Ağlıyordu Özüm, sessiz ama bir o kadar can yakan gözyaşlarıyla. Hıçkırıklarını içinde tutmaya çalışırken ailesine durumunu hissettirmemek için büyük bir güce ihtiyacı vardı. Kendini sakinleştirmek için büyük çaba sarf ettiği o anlarda telefonun çalması ile düştüğü yerden kalkmak için ellerinden destek aldı. Gözlerini silerken telefonun ekranında gördüğü isim soluğunu kesmeye yetmişti.

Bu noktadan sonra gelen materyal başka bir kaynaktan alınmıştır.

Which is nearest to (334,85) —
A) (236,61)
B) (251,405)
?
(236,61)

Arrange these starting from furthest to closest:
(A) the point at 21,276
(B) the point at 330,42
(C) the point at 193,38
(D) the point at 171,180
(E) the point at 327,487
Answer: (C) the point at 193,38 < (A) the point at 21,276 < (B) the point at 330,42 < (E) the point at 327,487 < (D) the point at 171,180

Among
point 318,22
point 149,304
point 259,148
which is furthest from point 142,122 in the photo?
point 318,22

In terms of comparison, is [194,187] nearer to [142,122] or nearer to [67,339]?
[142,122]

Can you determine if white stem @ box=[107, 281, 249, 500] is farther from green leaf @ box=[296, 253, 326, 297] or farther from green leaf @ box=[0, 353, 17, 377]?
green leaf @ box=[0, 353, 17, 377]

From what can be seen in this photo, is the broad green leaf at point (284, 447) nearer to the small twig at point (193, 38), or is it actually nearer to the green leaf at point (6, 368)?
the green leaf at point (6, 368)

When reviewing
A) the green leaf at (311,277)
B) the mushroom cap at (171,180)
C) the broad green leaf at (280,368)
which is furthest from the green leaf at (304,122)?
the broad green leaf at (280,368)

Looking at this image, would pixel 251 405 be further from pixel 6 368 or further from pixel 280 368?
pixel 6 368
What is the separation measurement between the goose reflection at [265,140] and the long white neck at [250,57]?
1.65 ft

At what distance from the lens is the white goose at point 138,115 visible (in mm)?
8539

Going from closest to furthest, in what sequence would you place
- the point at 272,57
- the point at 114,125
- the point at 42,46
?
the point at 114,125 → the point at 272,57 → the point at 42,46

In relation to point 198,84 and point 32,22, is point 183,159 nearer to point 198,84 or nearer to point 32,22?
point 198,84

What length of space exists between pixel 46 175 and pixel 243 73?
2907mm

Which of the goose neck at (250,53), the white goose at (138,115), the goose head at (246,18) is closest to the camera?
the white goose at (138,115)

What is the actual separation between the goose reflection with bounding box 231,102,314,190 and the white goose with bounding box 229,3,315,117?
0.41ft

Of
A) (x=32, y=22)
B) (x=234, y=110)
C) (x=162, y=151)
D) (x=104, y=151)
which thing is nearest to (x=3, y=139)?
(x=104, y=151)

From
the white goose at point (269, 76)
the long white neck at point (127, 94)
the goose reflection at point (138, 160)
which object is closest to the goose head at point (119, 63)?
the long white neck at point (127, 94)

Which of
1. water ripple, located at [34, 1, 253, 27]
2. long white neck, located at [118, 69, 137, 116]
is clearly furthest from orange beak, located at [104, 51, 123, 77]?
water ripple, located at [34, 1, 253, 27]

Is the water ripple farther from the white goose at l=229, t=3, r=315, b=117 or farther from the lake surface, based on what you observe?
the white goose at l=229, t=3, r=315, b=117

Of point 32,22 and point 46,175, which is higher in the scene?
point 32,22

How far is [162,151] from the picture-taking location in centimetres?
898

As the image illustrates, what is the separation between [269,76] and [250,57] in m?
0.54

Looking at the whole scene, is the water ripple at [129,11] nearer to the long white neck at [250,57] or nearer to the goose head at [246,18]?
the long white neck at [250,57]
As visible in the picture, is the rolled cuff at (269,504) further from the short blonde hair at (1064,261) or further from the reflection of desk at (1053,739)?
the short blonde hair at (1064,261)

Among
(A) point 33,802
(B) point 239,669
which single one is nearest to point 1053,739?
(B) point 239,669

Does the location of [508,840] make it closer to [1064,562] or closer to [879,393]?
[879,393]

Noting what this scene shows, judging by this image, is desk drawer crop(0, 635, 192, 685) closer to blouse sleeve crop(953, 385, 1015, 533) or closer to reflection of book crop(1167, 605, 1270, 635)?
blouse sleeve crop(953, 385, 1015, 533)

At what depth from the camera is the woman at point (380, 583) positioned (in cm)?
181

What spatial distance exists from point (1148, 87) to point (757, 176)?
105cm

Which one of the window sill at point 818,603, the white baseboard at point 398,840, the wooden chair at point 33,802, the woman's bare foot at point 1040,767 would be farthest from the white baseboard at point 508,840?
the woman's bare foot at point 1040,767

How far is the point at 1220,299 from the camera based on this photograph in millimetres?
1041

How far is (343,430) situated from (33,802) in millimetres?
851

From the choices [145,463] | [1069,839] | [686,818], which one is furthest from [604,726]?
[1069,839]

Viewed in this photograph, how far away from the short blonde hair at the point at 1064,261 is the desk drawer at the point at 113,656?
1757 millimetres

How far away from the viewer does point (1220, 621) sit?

Derin bir nefes alıp vererek ağladığının belli olmaması için sesini düzeltmeye çalıştı.

"Alo Cem." Dedi kendisini biraz daha toparlayarak.

"Sonunda Özüm, sonunda nişanlının telefonunu açmayı akıl edebildin."

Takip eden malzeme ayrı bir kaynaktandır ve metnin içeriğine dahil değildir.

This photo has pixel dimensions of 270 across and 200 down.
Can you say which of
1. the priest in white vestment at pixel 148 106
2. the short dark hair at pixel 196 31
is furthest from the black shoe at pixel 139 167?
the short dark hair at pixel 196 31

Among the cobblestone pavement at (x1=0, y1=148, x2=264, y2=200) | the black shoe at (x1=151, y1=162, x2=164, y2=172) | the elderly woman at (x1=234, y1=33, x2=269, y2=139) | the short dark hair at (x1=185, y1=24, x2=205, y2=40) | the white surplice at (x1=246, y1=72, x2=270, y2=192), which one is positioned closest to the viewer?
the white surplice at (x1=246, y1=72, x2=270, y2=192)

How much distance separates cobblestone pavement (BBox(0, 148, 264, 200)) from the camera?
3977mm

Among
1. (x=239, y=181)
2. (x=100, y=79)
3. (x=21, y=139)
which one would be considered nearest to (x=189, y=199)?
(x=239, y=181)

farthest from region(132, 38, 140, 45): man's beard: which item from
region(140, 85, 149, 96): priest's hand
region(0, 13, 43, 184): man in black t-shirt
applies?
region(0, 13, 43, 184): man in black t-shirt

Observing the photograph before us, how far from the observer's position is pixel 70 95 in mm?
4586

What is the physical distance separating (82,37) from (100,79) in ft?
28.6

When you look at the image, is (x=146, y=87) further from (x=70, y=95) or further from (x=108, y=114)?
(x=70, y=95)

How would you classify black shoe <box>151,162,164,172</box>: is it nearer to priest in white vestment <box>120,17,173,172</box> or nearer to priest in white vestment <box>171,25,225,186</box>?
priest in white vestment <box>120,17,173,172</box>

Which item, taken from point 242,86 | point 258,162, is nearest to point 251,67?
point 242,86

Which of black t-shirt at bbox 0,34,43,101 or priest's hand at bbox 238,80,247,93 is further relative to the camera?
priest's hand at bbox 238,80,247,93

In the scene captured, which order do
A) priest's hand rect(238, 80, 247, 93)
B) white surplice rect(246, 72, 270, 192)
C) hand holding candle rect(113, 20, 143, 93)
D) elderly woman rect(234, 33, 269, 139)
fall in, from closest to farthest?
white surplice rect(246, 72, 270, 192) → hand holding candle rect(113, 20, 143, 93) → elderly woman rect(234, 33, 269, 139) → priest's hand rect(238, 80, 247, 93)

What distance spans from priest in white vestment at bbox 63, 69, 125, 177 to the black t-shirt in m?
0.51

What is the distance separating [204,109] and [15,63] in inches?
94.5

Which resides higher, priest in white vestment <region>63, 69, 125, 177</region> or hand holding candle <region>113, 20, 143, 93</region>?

"Ben, şey, haklısın, özür dilerim Cem."

"Hangisi için Özüm, nişanımızın hemen ardından ortadan kaybolman için mi? Yoksa ortadan kaybolduğun andan itibaren telefonlarımı açmaman için mi? Ya da beni o halde habersiz bırakıp çekip gitmen için mi? Söylesene Özüm, hangisi için özür diliyorsun?"

"Cem, tamam, bak ne desen ne söylesen haklısın ama hiç hesapta olmayan bir şey oldu ve ben gitmek zorunda kaldım."

"Anlamıyorum Özüm, seni her yerde ararken senin gittiğini öğrendiğim an ne hissettiğimi, ne düşündüğümü bilemezsin."

"Cem..."

"Özüm, korktum, çok korktum. Senin ortadan birden kaybolduğun an seni kaybetmekten ölesiye korktum. Sana ulaşamadığım an başına bir şey gelmiş olma ihtimalinden korktum. Özüm, sen gittiğin andan itibaren ne yaşadığımı bilmiyorsun?"

"Haklısın sana haber vermeliydim ama inan ki buna hiç vaktim yoktu."

"Bir şey sormak istiyorum ama alacağım yanıttan korkuyorum. Yine de bilmek istiyorum. Bana anlatmak istediğin bilmem gereken bir şey var mı?" dedi ve sessizliğe büründü. Karşılaştığı soruya ne cevap vereceğini bilemedi Özüm. Cem'in evlenme teklifini kabul ettiğinde ne olursa olsun hiçbir şeyi gizlememeye söz vermişlerdi. Bu yüzden ona anlatmaya karar verdi.

"Aslında Cem sana söylemem gereken bir şey var. Ama bunu telefonda konuşmak istemiyorum." Dediği anda karşıdan duyduğu sıkıntılı verilen nefes onun da canını sıkmıştı. Kendisine bu kadar değer veren, yaptığının affedilir bir yanı olmadığı halde hala onu sükunet ile karşılamak için büyük çaba sarf eden adama karşı kendisini suçlu hissetti.

"Anlıyorum. O zaman bu akşam seninle yemeğe çıkalım ve her şeyi adam akıllı konuşalım olur mu? Ben belirsizlikleri sevmeyen bir adamım Özüm. Bunu en iyi sen biliyorsun."

"Biliyorum Cem, yalnız ben bir süreliğine ailemin yanında kalacağım. Beni buradan alırsın olur mu?" dediğinde kendisine "Sen ailenin evine mi döndün?" diyen şaşkın bir ses ile karşılık verdi. Şaşırması normaldi, çünkü Özüm ne kadar ailesinin evine giderse gitsin geri dönüşü hep kendi evine olur ve ailesinin tüm ısrarlarına rağmen bin bir bahane uydurup kendi evine geri dönerdi. Şimdi Özüm'ün esrarengiz kayboluşunun ardından yüz yüze konuşmak istemesi ve bir süre ailesiyle kalma düşüncesi Cem'in içindeki endişeleri arttırıyor, şüpheleri güçlendiriyordu. Ama ne olursa olsun Özüm'den vazgeçmeye hiç niyeti yoktu.

"Evet Cem, ailem ile biraz vakit geçirmek bana iyi gelecek."

"Tamam Özüm, akşam nasıl olsa her şeyi konuşacağız. Şimdi kapatmam lazım, seni seviyorum." Dedi ve kapatmadan önce karşıdan da benzer bir karşılık almayı umut etti. Ama bilmiyordu ki Özüm bu cümleyi Cem'in ağzından her duyduğunda yüreği paramparça oluyordu. Nefesini kontrol edip "Görüşürüz Cem." Diyerek telefonu bir cevap beklemeden acele ile kapattı.

Haksızlıktı belki yaptığı, hem kendisine hem de Cem'e. Ama tek tesellisi onun her şeyi biliyor olmasıydı. Ne Alper'i, ne gidişini, ne geri dönmeyişini, ne de hala onu sevdiğini gizlememişti ondan, tıpkı bu gece ona Alper'in geri döndüğünü anlatacağı gibi... Derin bir soluk alıp verdi ve akşama kadar biraz dinlenmek adına kendisini yatağına bıraktı. Şimdi yatağında uzandığı sırada gözleri gecenin yorgunluğunu atmak için yavaşça ağırlaşıp kapanırken, aklında dönüp dolanan cümleleri bir bir huzurundan kovarcasına uzaklaştırıyordu.